A public health expert from the University of California, San Francisco has condemned the Centers for Disease Control and Prevention‘s call for children ages two and up to wear masks in school. Vinay Prasad, an epidemiologist at UCSF, said that wearing masks can do more harm than good to a child’s development, adding that forcing children to wear masks could hinder their language, social and cultural development skills.
He also said that the trade-off for the minimal protection offered by masks against COVID-19 was not worth it.
“No scientific consensus exists about the wisdom of mandatory-masking rules for schoolchildren. The World Health Organization, which recommends that children 12 and older wear masks under the same circumstances that adults do, specifically advises against masking kids age 5 and younger,” he said.
Concerns of children not being able to breathe properly behind their masks are exaggerated — and so is the idea that masks provide significant benefits to fight COVID in the classroom.
Among his criticisms include the fact that the popular surgical masks do little to contain aerosols. A study from the University of Waterloo found that the blue masks were only 10 percent effective at filtering aerosols from the mouth and nose, while the tighter-fitting N95 and KN95 masks filtered more than 50 percent.
A separate study from Spain looked at infection rates between masked and unmasked students. The results showed that older masked students still transmitted aerosols at rates higher than their younger, unmasked counterparts.
The CDC guidelines also urged masks to be worn by vaccinated caregivers who work in infant day-care centers. Prasad noted that many studies actually support the importance of children seeing their caregivers’ faces, and many professional organizations, including the American Academy of Pediatrics, strongly agree with this.

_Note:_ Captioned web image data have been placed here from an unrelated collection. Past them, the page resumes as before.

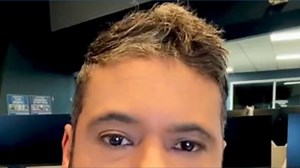 Texas state senator probing into DPS' involvement in immigration enforcement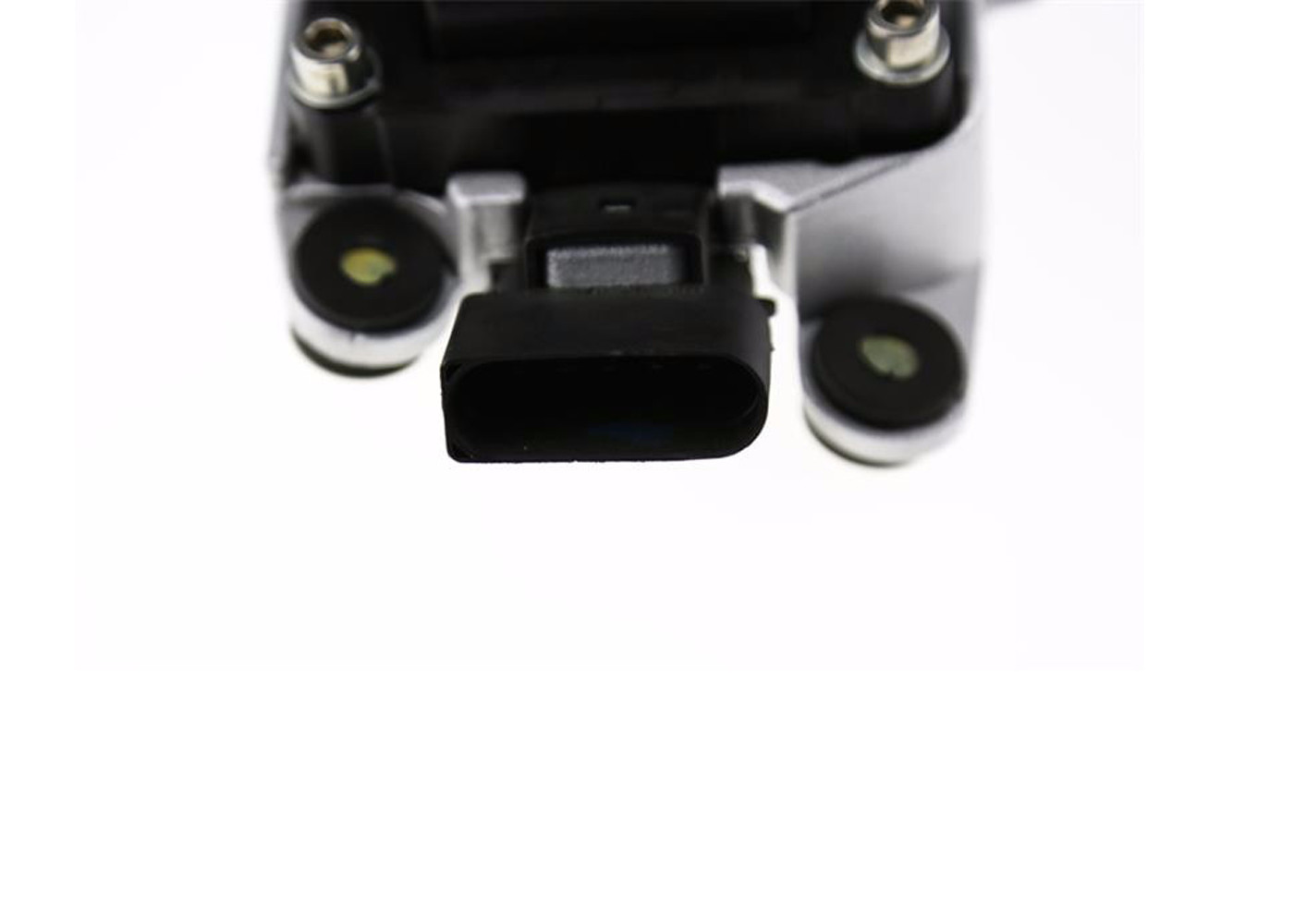 AUDI High Performance Ignition Coil Packs With Wire 07805104 078905101A 078905104A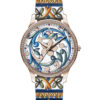 Orologio Camurria Ref. CW26GT1   Orologio Camurria Ref. CW26GT1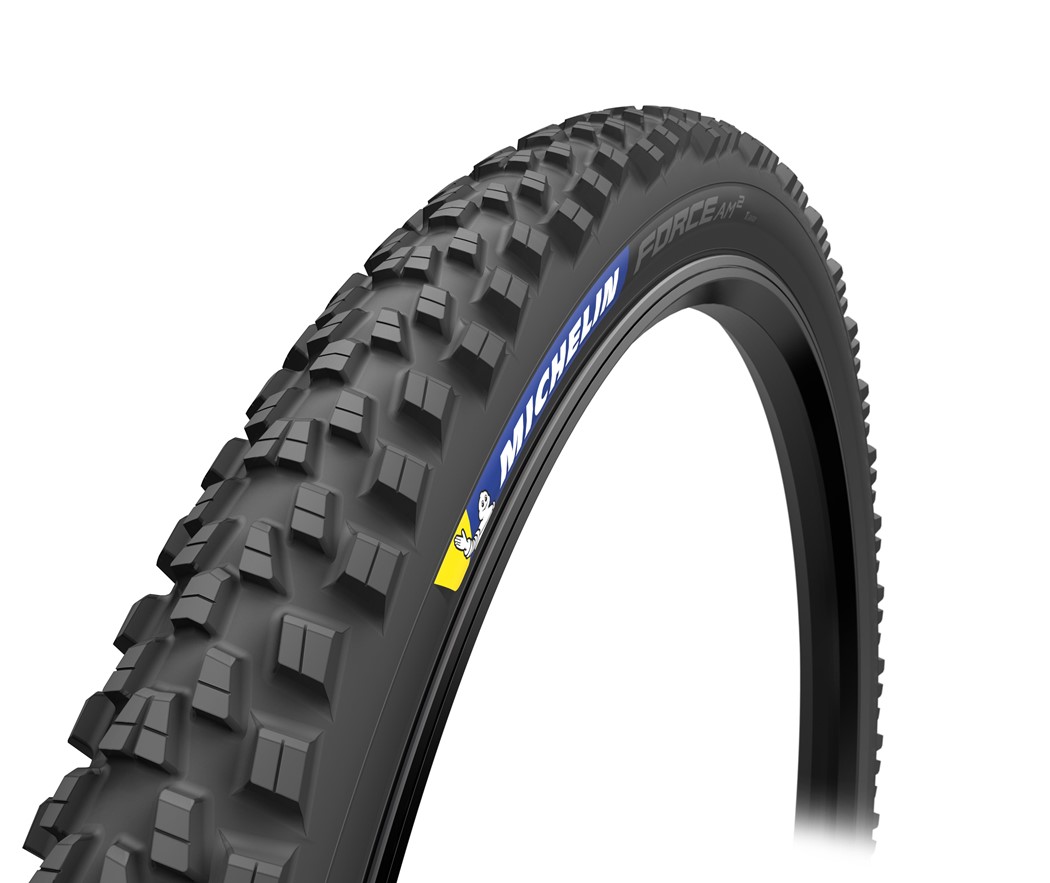 Michelin Force AM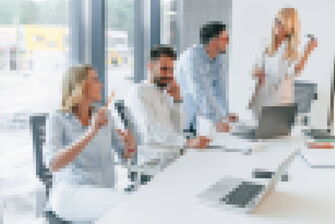 1a7bd1cb2da4fed531b0051085ac499a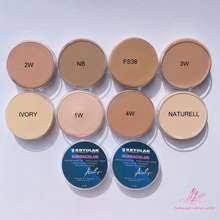 makeup from kryolan in msia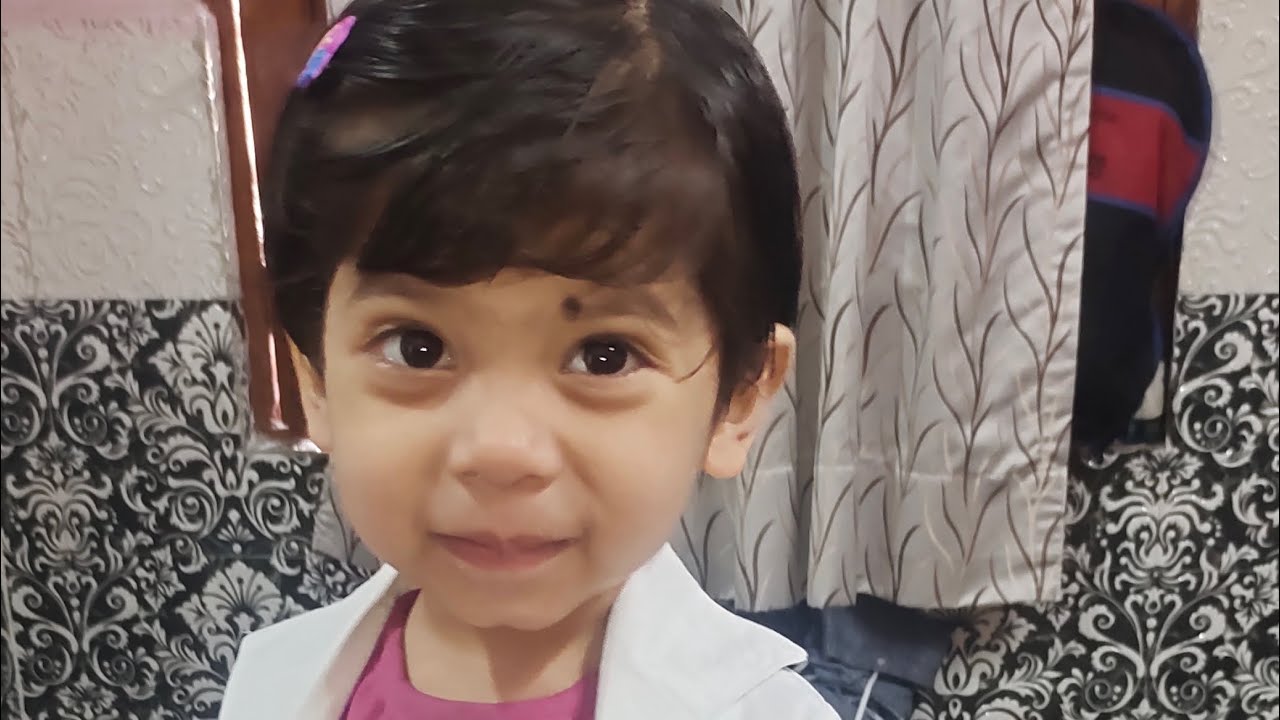 Holi special vlog #holicelebration#2026holi#familytime#holidance#indianfestival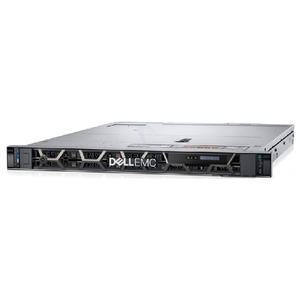Dell PowerEdge R450 S4310 8GB/8TBx2/B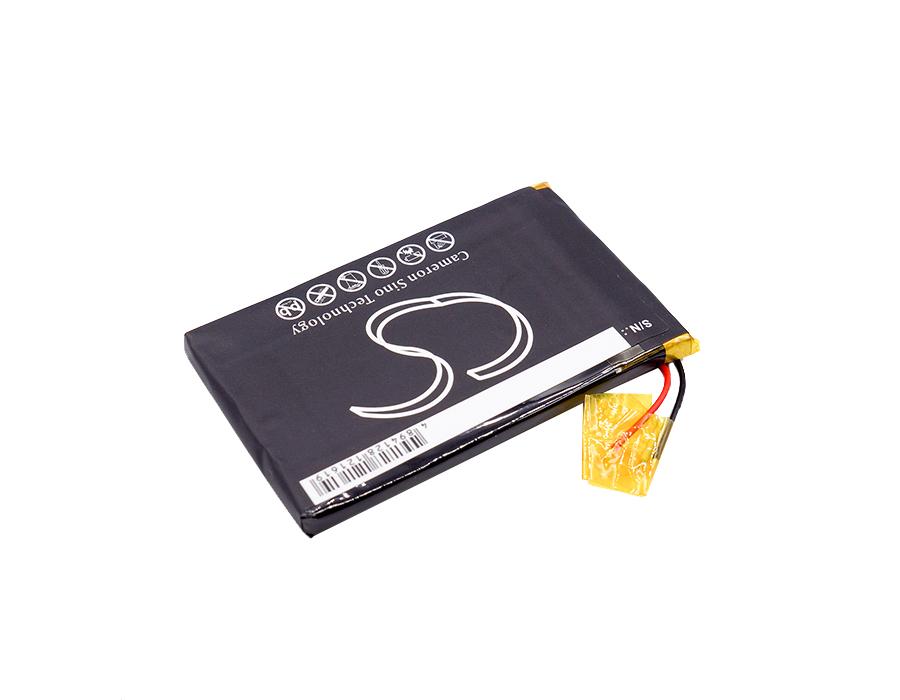 Cameron Sino 1000 mAh for Sony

Moreover, two out of every five parents oppose all masks in schools, no matter the child’s vaccination status, and over half of U.S. K-12 parents prefer masking not to be mandatory in the classroom.
A small number of parents also said that mandates should only be applied to unvaccinated children.
Meanwhile, 38 percent of parents prefer that teachers not be masked, and 13 percent want mandates to apply only to unvaccinated teachers.
He urged researchers to test policies that mandate all kids to wear masks so that they can fully understand the effects of doing so, and weigh them against the dangers of COVID. (Related: Health experts raise concerns regarding COVID-19 vaccination for children.)
Masking poses problems for children
There are three potential problems masks may pose for children when it comes to interacting with their classmates or teachers, according to Kang Lee, a professor of applied psychology and human development at the University of Toronto, who also studies the development of facial recognition skills in children.
First, he said that children under the age of 12 may have difficulty recognizing people because they often focus on individual features.
Second, he noted that a lot of the emotional information we display, we do so through the movement of our facial muscles. Because those specific muscles, and therefore, information that comes with it will be obscured by a mask, children can have issues with “emotional recognition and social interaction.”
Finally, he said that children may have problems with speech and recognition. He shared that even though we tend to think of speech communication as an auditory process, a great deal of information can also be communicated visually.
David Lewkowicz, a senior scientist at the Haskins Laboratories and Yale Child Study Center, also studied lip-reading in babies, and he said that around the age of six to eight months, as babies start to babble, they change the ways that they look at people who are speaking to them.
He said that babies “spend a lot of time looking at that person’s mouth, trying to master their own native speech, getting not only auditory cues but visual.”
Babies whose caretakers are masked will miss visual cues, and they may have trouble differentiating one person’s voice from another.
Masks are not great for communication with young children, Lewkowicz said. However, he noted that the time they spend at home with people who are not masked could give them a chance to practice picking up visual cues.
He suggested that parents and teachers could encourage children to communicate more through gestures or create games that could help them find ways of communicating with their hands and bodies.